Technologies that encourage agriculture or business are much more easily accepted. Balers are retrofitted with gasoline engines that can then be pulled by horses. Pneumatic powered tools are becoming more an more common, typically running off of gas generators. Electricity is run to barns (but not houses) in order to keep milk cold to meet state regulations. In each of these cases compromises are made in order to either allow farming to continue or to increase agricultural efficiency without changing the mode of agricultural production.

The Amish will quickly reject technologies that will likely be detrimental to the community. Communication technologies are more carefully screened than any other type of technology because of the connection to the outside world and its corrupting influences. Television’s one way conduit into the home is probably the most egregious example of a corrupting influences. I know many Mennonite homes that won’t have a television for the reasons that there simply isn’t enough that good to watch on TV. The similarity between a television and a computer monitor is one of the primary reasons that computers were initially suspect. Like the old joke that Mennonites won’t have sex standing up because it might lead to dancing, the Amish initially rejected the computer not because of its own potential problems but because it seemed too much like television.

Kevin Kelly suggests four aspects to how the Amish make decision around technology. They are selective.
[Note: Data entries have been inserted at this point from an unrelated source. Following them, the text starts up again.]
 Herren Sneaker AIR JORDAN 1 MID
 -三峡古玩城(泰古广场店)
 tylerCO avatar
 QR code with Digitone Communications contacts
They evaluate new things by experience instead of by theory, and they reject more than they accept. Innovators pioneer the adoption of new technologies but the community makes the final decision. The maintenance of the community and separation from the world are the leading factors in making these decisions.

These factors end up with a situation in which for at least some Amish, technological experimentation is the rule and not the exception. Electricity is typically banned because it connects the community to the outside world and creates an unacceptable dependency. Some innovate by utilize electricity that comes from 12 volt sources from batteries rather than 110 volt power from public utility lines. Others use gasoline powered pneumatic technology is then adapted to run anything from kitchen blenders to entire wood shops.
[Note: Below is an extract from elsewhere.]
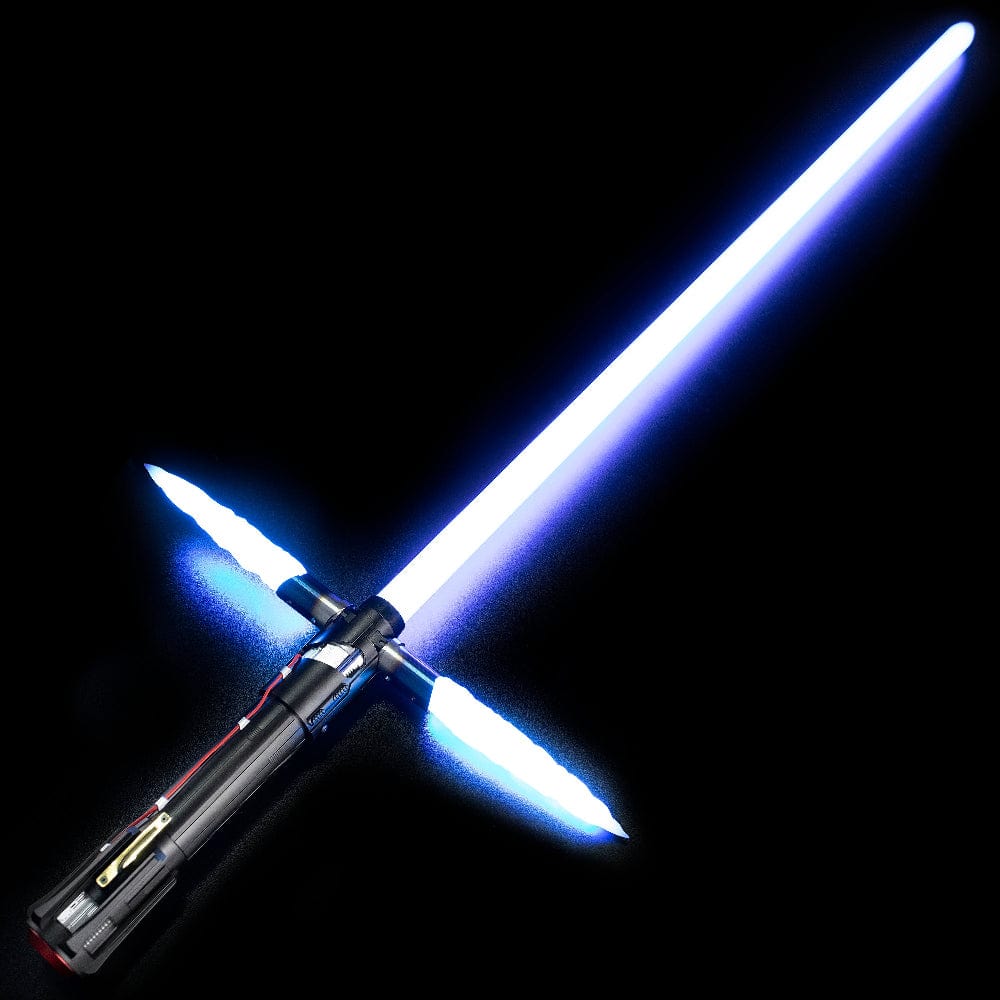 Supreme Leader - SABERS UNLIMITED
Note the importance of surveillance in this example. The Amish are not, at any point, going to create their own batteries or gasoline. But gasoline is a consumable that can be purchased, along with other supplies, and used in discrete amounts. At least part of the problem with electricity is the wires that run from the road to the Amish persons house. The plainness of the Amish life is very environmentally sensitive, but environmentalism is not the point, community is.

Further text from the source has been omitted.